もう少し狩宿林氏に関して調べないといけませんが、狩宿という集落は説明看板にあるように「瀬戸川と矢田川に挟まれた大地の先端」で、南垂れの高台で、城の立地としては良い場所だと思いました。ここはいわゆる当時の瀬戸街道が通り、守山城までは西に十キロ、柴田勝家の一色城までは南西八キロという位置です。水野氏の発祥の地である瀬戸市の水野は北に四キロ、信長が攻めた品野城は北東九キロ、今川義元が禁制を出した雲興寺は東にわずか七キロです。

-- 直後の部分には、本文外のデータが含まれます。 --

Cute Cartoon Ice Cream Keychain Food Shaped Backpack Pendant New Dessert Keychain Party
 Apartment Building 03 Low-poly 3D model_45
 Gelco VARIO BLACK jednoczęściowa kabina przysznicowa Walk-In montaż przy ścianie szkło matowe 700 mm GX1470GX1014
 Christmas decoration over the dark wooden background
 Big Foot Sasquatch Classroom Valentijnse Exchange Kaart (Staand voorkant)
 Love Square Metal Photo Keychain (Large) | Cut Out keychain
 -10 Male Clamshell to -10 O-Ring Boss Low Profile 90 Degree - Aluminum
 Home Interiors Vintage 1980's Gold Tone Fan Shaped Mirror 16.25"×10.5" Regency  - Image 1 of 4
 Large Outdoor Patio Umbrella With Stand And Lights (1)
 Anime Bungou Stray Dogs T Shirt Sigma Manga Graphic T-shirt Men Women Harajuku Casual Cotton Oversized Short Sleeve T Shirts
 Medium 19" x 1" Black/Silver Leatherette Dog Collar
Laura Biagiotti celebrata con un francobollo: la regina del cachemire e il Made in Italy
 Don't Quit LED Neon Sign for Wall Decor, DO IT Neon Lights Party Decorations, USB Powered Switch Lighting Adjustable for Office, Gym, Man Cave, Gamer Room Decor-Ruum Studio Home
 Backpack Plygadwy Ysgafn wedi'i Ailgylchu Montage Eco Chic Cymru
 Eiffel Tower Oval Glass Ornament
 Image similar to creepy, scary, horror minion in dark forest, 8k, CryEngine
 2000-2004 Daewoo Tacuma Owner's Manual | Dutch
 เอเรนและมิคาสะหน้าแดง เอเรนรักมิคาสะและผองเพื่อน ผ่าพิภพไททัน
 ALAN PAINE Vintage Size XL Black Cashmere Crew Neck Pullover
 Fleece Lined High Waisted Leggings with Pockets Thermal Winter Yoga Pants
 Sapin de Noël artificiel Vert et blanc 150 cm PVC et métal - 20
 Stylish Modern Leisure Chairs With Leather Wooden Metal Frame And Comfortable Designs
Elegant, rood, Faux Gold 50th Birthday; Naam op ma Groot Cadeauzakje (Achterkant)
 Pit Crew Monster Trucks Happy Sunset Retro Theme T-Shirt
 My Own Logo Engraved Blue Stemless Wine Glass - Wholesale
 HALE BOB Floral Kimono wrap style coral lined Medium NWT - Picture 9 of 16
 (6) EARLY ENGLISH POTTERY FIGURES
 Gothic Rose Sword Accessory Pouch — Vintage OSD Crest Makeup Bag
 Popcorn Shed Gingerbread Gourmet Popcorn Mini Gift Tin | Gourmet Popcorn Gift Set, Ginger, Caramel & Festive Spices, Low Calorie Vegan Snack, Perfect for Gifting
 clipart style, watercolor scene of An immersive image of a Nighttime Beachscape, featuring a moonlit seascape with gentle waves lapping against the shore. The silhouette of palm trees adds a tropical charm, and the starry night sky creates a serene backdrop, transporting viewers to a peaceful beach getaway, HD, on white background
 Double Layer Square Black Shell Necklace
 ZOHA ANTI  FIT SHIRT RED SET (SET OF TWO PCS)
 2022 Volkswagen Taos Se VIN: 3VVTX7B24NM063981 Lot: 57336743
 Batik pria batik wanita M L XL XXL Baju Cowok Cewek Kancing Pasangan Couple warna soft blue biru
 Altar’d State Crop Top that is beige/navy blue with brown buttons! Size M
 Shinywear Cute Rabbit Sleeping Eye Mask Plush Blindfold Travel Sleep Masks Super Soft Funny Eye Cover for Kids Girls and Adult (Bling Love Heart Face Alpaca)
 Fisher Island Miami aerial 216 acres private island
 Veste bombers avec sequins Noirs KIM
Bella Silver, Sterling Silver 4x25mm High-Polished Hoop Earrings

稲生の戦いの時、林一族を主導したのは弟の林美作守通具であり、彼は秀貞が那古野城に入ったあとは、おそらく狩宿城の主となっていたのでしょう。となると今川に対する脅威を最も強く感じていたはずで、一刻も早く信長を叩いて、今川との和平に持ち込みたいと願っていたのが想像できます。ということで、稲生の戦いの背景に関して、この様に考察してみました。むろん、史料の裏付けはありませんから、史実ではありません。あくまで状況からの考察です。